## A simple static occupancy model in NIMBLE

I have to be honest. It’s been a while since I’ve actually thought about fitting a static, or single season, occupancy model. Why? The lab I am part of has been camera trapping in Chicago for over a decade. So naturally, we generally use different classes of occupancy models with our data. Yet, while I may not use this model, other researchers certainly do! Likewise, if you want to understand more complicated occupancy models, it makes sense to get a decent grasp of some of the earliest models.
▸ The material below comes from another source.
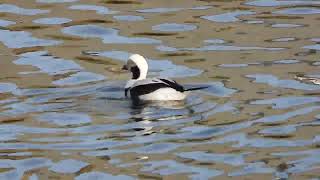 Longtailed Duck Clangula hyemalis up close and personal Burghead harbour [upl. by Wendye]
So if you are just getting into occupancy modeling and need a gentle introduction, look no further! However, before jumping into this, I would be remiss to not point out that there are a LOAD of wonderful resources that provide a much more thorough explanation then I will here. Some that come to mind are MacKenzie et al. (2017) or Volume 1 of Applied Hierarchical Modeling in Ecology by Kéry and Royle.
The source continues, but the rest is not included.